Good Friday, 2010

 Just over a hundred years ago, the Austrian poet Rainer Maria Rilke devoted a sonnet to an ancient  statue in the Louvre. It was a torso - nothing more. It was a torso of Apollo. The poet, ostensibly a living flesh and blood man, is standing in front of this broken stone statue. And yet, headless and truncated though it is, this statue seems more luminous than he. He compares it to a candelabrum. It is “suffused with brilliance from inside”; it gleams, it smiles, it glistens; it even bursts like a star upon the poet. And he ends, addressing himself: “... here there is no place / that does not see you. You must change your life... denn da ist keine Stelle, / die dich nicht sieht. Du musst dein Leben aendern.” [Repeat].
 In Apollo, more than any other god, was embodied all the grace of ancient Greece. He was its epitome: order, justice, beauty, healing, music, all were his. Such a figure, such a force that even a torso, more than 2000 years after its carving, could look at a poet and change him. Today, with the altar stripped, saints veiled, the words of Isaiah and Hebrews and John resounding, we are before our Apollo, the true Apollo, the epitome of God’s grace, broken on the cross. Today, not in a museum, but in a Liturgy alive with the Spirit, there is a corpus, a body, before our eyes, “suffused with brilliance from inside”. Today, Good Friday, here, before the Crucified, “there is no place that does not see [us]”.
 Here, spontaneously, Rilke’s words may come to us: “you must change your life.”
 Here it may come to us - I quote a Benedictine - that “the most passionately protected thing in us is our mediocrity, our fundamental indecision in respect of life.” Something we will murder to protect, Lord have mercy on us.

 Yes, this is the extraordinary thing. Fulget crucis mysterium, as the old Latin hymn has it. On this dark day, when the sun went into eclipse, “the mystery of the Cross shines”, fulget crucis mysterium. It shone for the three Marys standing by the cross. It shone for the beloved disciple. It shone for Joseph of Arimathea and Nicodemus as they carried the corpus to the tomb.
 What is asked of us is simply that we, Rilke-like, let it shine - on us.

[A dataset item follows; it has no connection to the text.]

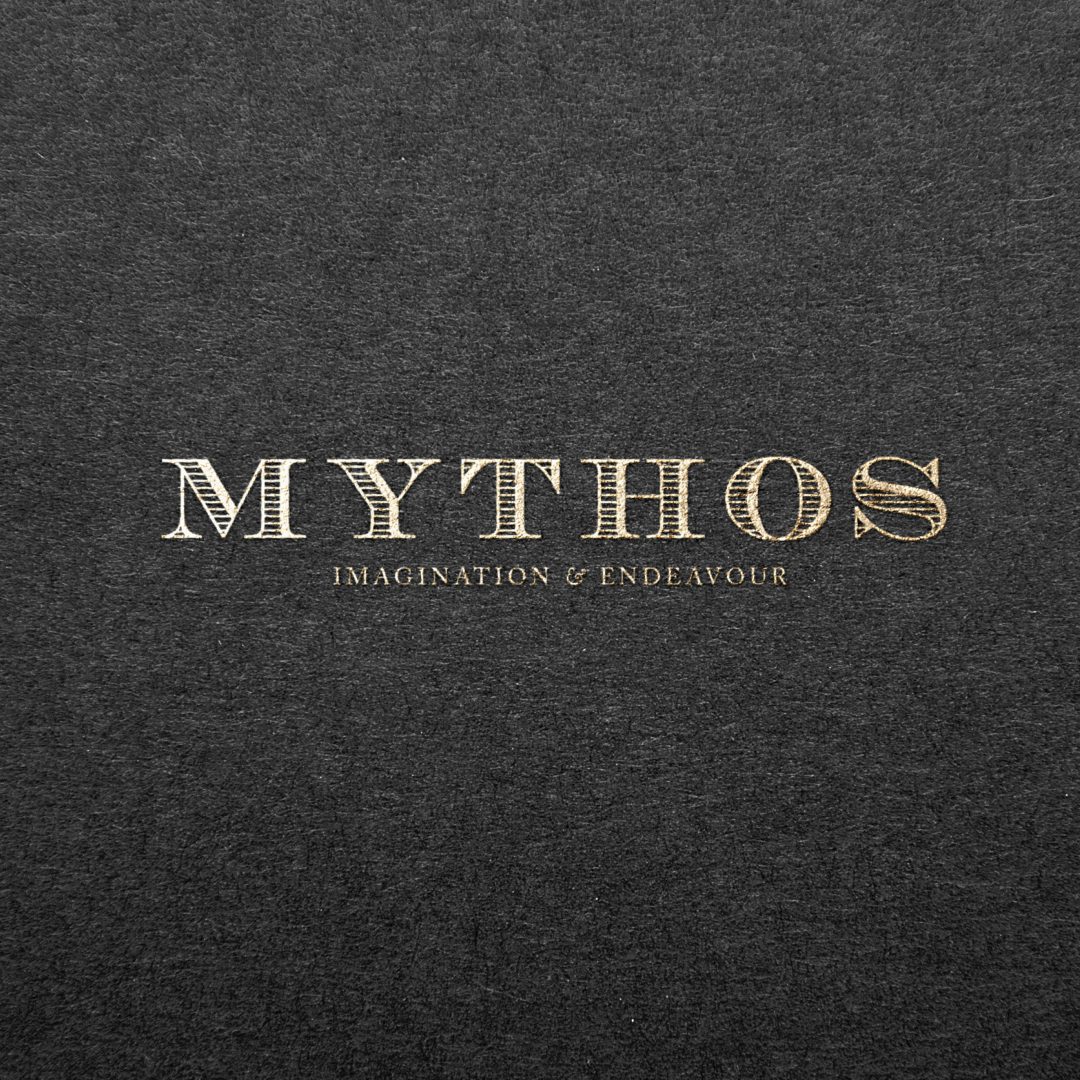 1200 X1200 PX MYTHOS 1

 “Dear friends, said Pope St Leo one 5th c. Holy Week, when Christ is lifted up by the Cross, our mind’s eye should not light just on what evil men could see... They could see nothing in the Crucified Lord beyond their crime... Our minds, however, enlightened by the Spirit of Truth, should recognize with a pure and free heart the glory of the Cross shining in heaven and on earth. They should see with interior penetration what the Lord said just before his Passion, ‘The hour has come for the Son of man to be glorified’” (Sermon 59, 6).

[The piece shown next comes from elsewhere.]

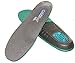 Orthofeet Tahoe Womens Extra Depth Orthopedic Arthritis And Diabetic Sneakers Tie-Less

 What did the mother of Jesus see as she looked at her son? What did Mary her sister see, and Mary Magdalene, and the disciple Jesus loved? Surely St. Leo is right. They loved. Therefore they saw beyond the crime.
 There was failure enough - real, deep, guilty failure, everywhere. There was the failure of Israel in her appointed representatives, the Sanhedrin, the failure of the clerical establishment we may say. There was the failure of Pilate, representative of Roman law, the failure of human justice. There was the failure of Judas, Peter, and the others, the failure of friends and intimates, the failure of ordinary love. Religion failed, State and society failed, friendship failed. These three failures make a sacrament of the failure of humanity itself.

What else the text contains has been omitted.